Gephi, per definition, is “open-source software for network visualization and analysis. It helps data analysts to intuitively reveal patterns and trends, highlight outliers and tells stories with their data. It uses a 3D render engine to display large graphs in real-time and to speed up the exploration.” You may download the tool for free here: https://gephi.org/
That said, this tool can do most of the part when it comes to visualizing a huge amount of data. But beware, it has a lot of settings and finding the best one for your project can sometimes be a hassle. I will list my best settings that I’ve discovered so far for you but if these work for you is something I can’t guess and there might/will be situations when the suggested visualization might not be the best.
Step 1: Obtaining your data
My tool of choice for crawling a website is Screaming Frog. If you have a website with less than 500 URLs, you may use Screaming Frog for free – you just have to download it here: https://www.screamingfrog.co.uk/seo-spider/.
Set Screaming Frog to crawl your website (you might just need the URLs for HTML-Pages in that case so make sure to configure it like that, as long as you are using the free version. If you happen to have the full version, there is no need for you to worry about that, because you can use the software as is. (I personally just tend to change the header information transmitted by Screaming Frog to something else than the Screaming Frog bot, to make sure that website owners do not that easily see, which software has been used).

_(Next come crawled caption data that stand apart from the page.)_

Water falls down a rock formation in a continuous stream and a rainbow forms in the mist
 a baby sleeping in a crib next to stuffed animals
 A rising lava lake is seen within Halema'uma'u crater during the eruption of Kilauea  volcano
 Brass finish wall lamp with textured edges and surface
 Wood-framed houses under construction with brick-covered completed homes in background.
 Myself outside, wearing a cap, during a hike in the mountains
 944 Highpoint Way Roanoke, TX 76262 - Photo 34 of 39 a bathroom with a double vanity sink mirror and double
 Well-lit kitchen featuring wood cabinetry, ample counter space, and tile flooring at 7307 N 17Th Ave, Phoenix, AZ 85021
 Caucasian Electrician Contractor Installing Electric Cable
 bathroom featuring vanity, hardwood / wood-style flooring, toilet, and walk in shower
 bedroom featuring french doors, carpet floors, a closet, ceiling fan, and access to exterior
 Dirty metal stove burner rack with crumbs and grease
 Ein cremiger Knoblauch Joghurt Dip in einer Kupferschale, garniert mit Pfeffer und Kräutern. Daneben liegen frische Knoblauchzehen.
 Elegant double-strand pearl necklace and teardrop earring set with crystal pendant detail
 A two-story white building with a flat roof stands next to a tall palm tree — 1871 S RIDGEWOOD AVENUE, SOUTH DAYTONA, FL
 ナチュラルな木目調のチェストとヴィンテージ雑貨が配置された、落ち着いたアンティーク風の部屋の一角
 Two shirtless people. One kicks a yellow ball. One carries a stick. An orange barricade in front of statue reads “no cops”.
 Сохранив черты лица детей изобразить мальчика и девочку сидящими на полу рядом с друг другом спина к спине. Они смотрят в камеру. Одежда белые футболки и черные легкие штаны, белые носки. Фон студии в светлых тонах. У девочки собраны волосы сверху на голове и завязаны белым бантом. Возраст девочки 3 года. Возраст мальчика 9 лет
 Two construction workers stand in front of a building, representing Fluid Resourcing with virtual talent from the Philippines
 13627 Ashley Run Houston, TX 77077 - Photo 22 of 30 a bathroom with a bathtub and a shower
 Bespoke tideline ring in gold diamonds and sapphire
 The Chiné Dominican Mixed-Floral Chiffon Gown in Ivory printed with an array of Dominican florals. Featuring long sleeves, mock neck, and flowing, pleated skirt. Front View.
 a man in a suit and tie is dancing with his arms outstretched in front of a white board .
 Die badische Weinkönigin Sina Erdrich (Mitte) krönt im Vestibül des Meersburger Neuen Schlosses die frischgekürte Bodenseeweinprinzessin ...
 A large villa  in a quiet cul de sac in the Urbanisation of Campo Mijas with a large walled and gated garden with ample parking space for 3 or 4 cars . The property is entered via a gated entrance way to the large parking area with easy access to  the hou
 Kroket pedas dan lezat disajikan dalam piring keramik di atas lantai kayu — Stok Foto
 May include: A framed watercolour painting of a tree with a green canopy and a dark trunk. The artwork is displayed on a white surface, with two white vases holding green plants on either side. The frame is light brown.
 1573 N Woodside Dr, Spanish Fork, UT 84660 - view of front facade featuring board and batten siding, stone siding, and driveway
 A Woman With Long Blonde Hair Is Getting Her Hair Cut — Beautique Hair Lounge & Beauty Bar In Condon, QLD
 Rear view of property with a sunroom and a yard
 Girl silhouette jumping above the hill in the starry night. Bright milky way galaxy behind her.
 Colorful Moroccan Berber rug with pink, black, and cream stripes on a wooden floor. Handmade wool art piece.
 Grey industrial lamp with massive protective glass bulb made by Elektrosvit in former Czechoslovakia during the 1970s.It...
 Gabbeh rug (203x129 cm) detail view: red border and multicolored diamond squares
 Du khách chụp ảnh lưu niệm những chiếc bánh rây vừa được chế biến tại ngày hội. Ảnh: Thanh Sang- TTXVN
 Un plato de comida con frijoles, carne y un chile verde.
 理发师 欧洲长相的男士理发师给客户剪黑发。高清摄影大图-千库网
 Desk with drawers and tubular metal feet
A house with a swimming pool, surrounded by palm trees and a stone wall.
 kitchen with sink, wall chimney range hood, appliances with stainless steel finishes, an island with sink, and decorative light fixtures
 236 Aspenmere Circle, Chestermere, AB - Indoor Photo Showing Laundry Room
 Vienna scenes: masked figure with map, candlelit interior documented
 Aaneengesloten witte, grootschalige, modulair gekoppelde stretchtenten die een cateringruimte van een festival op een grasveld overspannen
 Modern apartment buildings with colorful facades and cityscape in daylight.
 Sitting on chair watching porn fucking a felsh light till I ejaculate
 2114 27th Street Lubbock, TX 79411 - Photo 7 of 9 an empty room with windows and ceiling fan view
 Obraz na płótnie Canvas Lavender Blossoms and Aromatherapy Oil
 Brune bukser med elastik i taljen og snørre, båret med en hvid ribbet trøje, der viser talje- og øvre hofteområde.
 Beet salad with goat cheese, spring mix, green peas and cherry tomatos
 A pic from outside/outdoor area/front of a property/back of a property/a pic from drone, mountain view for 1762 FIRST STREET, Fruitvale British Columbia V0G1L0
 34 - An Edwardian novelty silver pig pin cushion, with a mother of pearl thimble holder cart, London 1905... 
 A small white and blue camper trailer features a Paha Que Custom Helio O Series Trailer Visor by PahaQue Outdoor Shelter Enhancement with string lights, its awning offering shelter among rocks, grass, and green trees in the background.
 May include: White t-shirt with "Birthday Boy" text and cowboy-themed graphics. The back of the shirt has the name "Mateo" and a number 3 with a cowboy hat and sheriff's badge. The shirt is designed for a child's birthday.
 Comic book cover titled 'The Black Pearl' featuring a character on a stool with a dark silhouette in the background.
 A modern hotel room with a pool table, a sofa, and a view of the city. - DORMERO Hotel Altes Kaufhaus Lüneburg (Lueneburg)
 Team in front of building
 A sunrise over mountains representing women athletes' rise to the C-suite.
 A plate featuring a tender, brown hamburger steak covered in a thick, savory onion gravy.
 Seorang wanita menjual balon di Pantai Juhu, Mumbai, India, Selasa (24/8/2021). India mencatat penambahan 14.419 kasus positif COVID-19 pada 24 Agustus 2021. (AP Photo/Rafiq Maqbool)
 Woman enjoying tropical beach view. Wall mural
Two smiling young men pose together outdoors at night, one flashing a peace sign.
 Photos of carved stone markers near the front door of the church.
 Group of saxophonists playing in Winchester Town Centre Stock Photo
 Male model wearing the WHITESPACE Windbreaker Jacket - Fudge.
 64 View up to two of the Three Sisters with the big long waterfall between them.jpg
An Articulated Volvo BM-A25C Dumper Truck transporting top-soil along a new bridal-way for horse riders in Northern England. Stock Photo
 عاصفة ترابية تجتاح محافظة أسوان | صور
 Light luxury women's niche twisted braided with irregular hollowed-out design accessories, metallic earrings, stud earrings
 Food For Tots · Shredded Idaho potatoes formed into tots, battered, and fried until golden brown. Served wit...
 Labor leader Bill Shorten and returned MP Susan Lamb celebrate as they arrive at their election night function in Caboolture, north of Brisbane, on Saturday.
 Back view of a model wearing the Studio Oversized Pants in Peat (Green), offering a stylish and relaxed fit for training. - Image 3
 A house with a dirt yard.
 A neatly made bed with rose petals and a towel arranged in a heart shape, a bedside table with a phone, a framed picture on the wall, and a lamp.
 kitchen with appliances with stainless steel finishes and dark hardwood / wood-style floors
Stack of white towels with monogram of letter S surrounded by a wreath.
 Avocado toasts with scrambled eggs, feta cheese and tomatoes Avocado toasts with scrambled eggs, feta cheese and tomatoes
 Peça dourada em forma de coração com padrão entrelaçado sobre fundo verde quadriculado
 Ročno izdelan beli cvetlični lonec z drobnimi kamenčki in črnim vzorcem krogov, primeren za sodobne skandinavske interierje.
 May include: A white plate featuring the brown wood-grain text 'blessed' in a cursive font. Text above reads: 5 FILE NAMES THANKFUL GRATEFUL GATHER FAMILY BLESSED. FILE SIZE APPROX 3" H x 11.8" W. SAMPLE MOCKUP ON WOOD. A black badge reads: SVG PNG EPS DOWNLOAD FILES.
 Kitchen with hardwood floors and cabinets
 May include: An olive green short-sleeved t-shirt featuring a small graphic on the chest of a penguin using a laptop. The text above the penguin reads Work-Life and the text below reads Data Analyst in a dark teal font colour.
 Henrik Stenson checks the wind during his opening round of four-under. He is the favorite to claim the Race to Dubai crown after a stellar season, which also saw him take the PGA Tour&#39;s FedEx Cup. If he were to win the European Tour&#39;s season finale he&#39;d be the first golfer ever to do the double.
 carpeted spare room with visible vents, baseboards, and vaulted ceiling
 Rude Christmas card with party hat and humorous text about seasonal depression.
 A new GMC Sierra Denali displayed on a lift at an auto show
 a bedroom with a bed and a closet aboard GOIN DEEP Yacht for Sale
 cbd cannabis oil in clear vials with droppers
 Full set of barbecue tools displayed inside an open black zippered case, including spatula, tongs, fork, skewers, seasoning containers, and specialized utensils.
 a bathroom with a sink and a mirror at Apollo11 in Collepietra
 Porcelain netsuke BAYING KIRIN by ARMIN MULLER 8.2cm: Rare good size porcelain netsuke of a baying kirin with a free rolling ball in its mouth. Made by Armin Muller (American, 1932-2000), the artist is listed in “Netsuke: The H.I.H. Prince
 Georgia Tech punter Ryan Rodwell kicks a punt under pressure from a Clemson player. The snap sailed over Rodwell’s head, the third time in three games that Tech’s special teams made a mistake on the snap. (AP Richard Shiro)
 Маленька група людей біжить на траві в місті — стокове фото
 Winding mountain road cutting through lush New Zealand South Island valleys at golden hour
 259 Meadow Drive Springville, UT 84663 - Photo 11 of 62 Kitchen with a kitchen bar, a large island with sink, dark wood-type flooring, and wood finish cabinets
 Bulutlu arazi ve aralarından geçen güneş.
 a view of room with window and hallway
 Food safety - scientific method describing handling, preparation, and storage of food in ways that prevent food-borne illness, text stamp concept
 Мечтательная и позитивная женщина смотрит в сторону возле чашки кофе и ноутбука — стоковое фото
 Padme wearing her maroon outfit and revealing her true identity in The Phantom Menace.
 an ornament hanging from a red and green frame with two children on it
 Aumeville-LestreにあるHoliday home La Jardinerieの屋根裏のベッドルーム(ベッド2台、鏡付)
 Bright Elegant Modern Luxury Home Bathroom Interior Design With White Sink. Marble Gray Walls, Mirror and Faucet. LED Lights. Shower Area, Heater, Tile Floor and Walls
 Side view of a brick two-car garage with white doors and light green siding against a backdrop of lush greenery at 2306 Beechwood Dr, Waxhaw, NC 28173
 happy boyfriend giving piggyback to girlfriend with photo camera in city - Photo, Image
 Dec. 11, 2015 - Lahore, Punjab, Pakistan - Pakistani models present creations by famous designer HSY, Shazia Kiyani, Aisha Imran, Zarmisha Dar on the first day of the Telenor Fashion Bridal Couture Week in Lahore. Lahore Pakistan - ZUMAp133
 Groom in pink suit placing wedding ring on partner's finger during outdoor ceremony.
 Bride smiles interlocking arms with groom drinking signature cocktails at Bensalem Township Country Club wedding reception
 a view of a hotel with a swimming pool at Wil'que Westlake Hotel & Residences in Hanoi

So, the data used in this article comes directly from Screaming Frog.
Once Screaming Frog has crawled your website, it’s time to export and clean up your data first before you can actually use it. So go to Bulk Export > Response Codes > Success (2xx) Inlinks which will export all your internal, incoming (or better: internal) links.
This will give you a list which should look like this following screenshot.
To further clean up your data, make sure that you e.g. search for URLs which contain #, ? or, in case you are not interested, URLs that link to images. Sometimes it makes sense to filter out images, too, even so, I encourage you to leave images inside the analyzation.
Step 2: Saving as .csv file and import to Gephi
Save your list after checking for irregular URLs (filtering for URLs with “#” or “?”). Now it’s time to open up Gephi and start your first project.
You may now import your comma separated .csv file to Gephi as a Edges-table and continue from there.
Step 3: Calculate PageRank and Modularity
Having loaded the .csv into Gephi, it’s now time to switch to your Overview Tab and find the Statistics Tab probably situated on the right side of your screen.
There you can find the PageRank command. Press the “Run” Button and make sure that you use the following settings.
After that, it’s time to calculate the Modularity settings. Here you can use the following numbers and options. Make sure, not to activate “Use weights”.
Now do the exact same with the “Edges Tables” in Gephi. Make sure to add it to your existing workspace, because you will need both data tables for continuing with this visualization. You may ignore occurring errors if you’d like as I did. Because calculating more than 60k inlinks… well, in the end, I don’t care whether some are wrong or not.
Step 4: Visualizing your data
After loading in your data and jumping back to the “Overview” option, you will most likely see a black square. Now it’s time to start the visualization process to help others understand your site structure better.
You can find my favourit settings for a basic site visualization below. Here are my changes that I made:
Layout: Force Atlas 2
Scaling –> 1000.0
Gravity –> 0.7
Prevent Overlap –> Check
For the appearance of all Nodes in your new graph – choose the following settings in the Appearance Tab for colors and size of the nodes.
The First Output Result
The final Output (with slightly different color-settings)
Gephi offers an easy and quick way to visualize a huge amount of data, but on the downside, depending on your data, it might be that the settings provided here in this little tutorial might not be suitable for you.
But still – in the end, its a powerful tool that can help a lot and might impress the one or the other client, data scientist or CEO.
In this example, you can see that this website does not really have a lot of “content hubs”. There are one main page and bulk of larger pages around it that are cross-linking each other. There are many smaller pages within their circle, which means that the site structure is in general pretty single focused.
So the page does not really offer a good site structure with several content hubs.